## WORK TO BE COMPLETED
Your copy of the entries below should hold exactly the lines from the one containing "Another case is" to the one containing "It looks like", inclusive, and no pictures.

## INFORMATION SHOWN
- - -
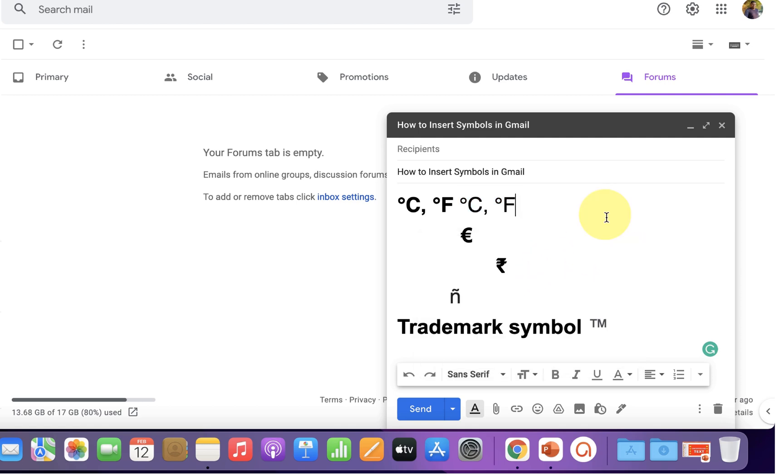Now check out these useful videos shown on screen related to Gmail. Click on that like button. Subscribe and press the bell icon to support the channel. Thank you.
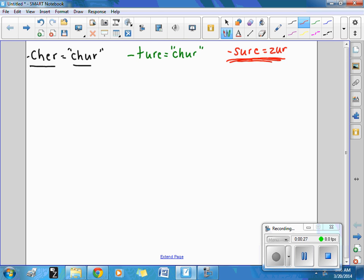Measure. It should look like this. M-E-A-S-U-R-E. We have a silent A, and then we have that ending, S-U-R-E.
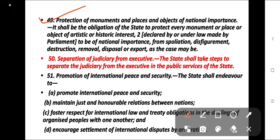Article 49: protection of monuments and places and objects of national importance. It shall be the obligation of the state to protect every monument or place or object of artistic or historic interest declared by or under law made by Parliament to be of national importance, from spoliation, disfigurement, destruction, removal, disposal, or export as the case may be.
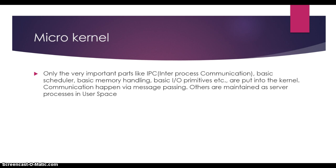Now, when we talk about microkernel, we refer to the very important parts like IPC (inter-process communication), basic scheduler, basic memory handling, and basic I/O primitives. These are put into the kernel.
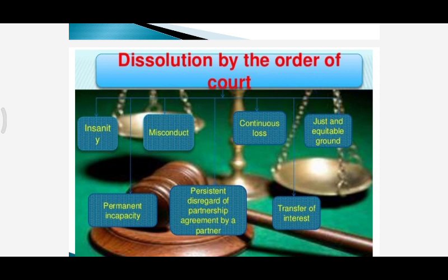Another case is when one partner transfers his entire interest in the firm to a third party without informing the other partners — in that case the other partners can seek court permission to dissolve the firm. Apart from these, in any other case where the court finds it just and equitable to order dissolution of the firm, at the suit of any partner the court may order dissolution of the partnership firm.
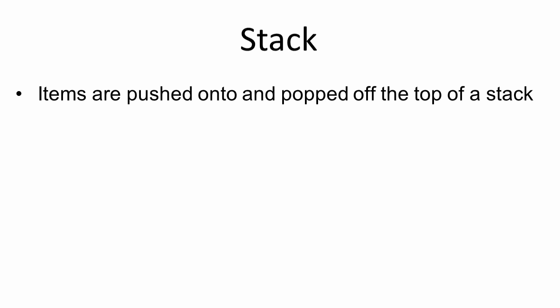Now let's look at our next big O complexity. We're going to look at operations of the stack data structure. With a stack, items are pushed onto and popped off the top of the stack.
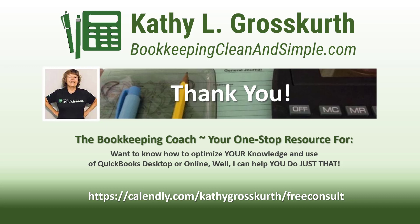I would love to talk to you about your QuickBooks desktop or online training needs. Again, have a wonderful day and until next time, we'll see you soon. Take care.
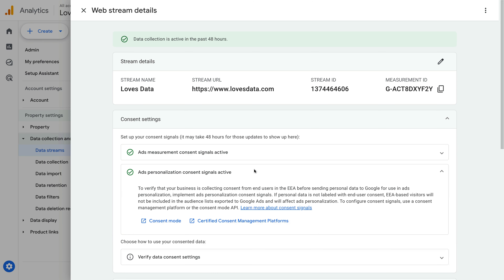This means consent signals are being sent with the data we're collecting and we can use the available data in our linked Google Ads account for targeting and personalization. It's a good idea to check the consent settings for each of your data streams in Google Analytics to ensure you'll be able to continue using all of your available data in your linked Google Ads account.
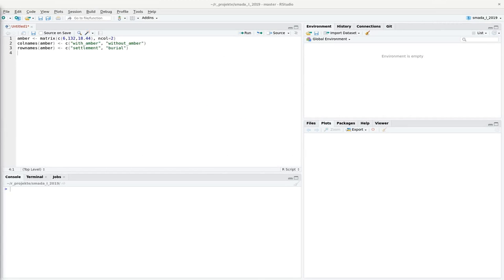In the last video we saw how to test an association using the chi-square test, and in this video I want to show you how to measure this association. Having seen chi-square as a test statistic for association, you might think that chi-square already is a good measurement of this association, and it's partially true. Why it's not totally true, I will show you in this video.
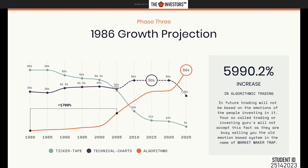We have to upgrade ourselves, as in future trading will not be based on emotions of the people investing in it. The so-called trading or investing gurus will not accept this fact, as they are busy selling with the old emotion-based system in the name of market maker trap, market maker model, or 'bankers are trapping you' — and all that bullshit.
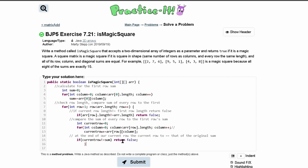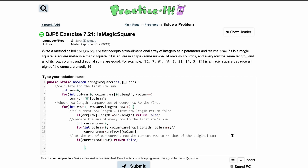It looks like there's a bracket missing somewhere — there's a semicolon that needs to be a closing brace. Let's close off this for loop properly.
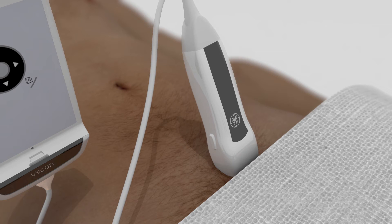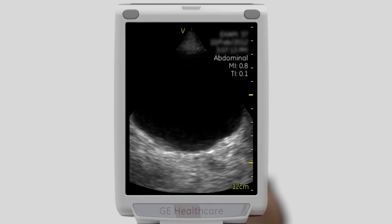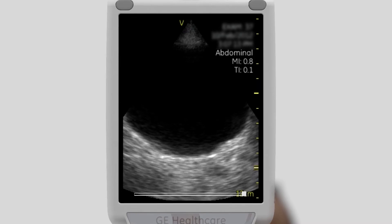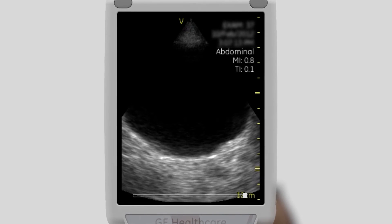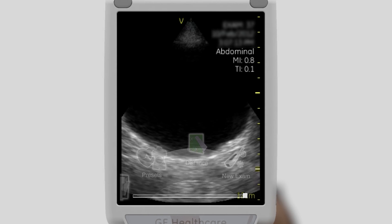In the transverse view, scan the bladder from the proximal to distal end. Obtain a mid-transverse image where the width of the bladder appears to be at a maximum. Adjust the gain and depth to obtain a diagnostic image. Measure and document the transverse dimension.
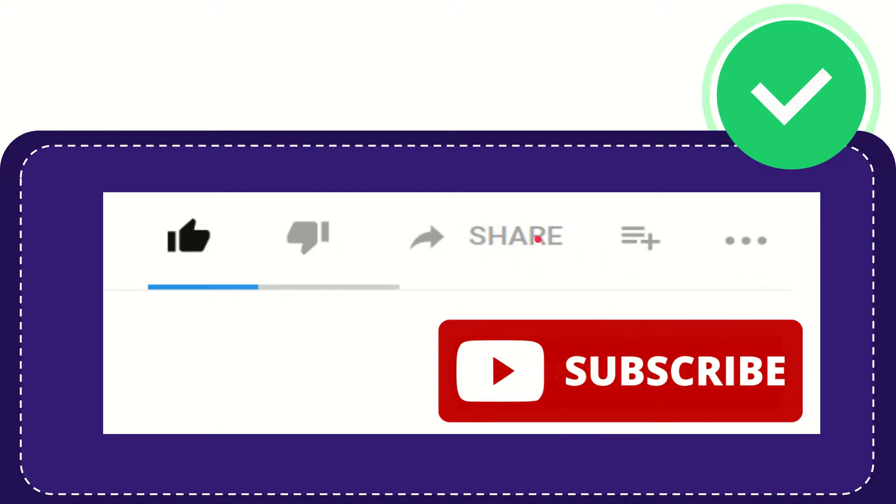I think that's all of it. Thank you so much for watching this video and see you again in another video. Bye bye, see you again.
- - -
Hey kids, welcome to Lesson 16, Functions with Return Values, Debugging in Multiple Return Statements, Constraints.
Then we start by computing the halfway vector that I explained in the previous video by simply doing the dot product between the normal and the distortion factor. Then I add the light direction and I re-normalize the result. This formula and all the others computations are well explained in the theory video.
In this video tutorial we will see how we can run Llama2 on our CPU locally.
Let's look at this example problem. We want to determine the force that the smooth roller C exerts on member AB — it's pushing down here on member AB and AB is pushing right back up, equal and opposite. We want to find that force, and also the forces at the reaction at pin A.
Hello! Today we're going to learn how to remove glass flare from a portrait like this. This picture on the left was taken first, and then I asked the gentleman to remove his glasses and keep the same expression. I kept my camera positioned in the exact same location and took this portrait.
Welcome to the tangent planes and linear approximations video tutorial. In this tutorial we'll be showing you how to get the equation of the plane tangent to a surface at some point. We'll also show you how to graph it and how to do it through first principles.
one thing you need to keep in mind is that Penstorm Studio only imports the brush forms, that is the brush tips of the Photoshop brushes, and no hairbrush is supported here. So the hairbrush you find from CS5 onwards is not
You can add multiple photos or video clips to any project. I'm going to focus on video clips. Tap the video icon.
- - -
## ANSWER BOX
Another case is when one partner transfers his entire interest in the firm to a third party without informing the other partners — in that case the other partners can seek court permission to dissolve the firm. Apart from these, in any other case where the court finds it just and equitable to order dissolution of the firm, at the suit of any partner the court may order dissolution of the partnership firm.
Now let's look at our next big O complexity. We're going to look at operations of the stack data structure. With a stack, items are pushed onto and popped off the top of the stack.
I would love to talk to you about your QuickBooks desktop or online training needs. Again, have a wonderful day and until next time, we'll see you soon. Take care.
This means consent signals are being sent with the data we're collecting and we can use the available data in our linked Google Ads account for targeting and personalization. It's a good idea to check the consent settings for each of your data streams in Google Analytics to ensure you'll be able to continue using all of your available data in your linked Google Ads account.
In the last video we saw how to test an association using the chi-square test, and in this video I want to show you how to measure this association. Having seen chi-square as a test statistic for association, you might think that chi-square already is a good measurement of this association, and it's partially true. Why it's not totally true, I will show you in this video.
We have to upgrade ourselves, as in future trading will not be based on emotions of the people investing in it. The so-called trading or investing gurus will not accept this fact, as they are busy selling with the old emotion-based system in the name of market maker trap, market maker model, or 'bankers are trapping you' — and all that bullshit.
It looks like there's a bracket missing somewhere — there's a semicolon that needs to be a closing brace. Let's close off this for loop properly.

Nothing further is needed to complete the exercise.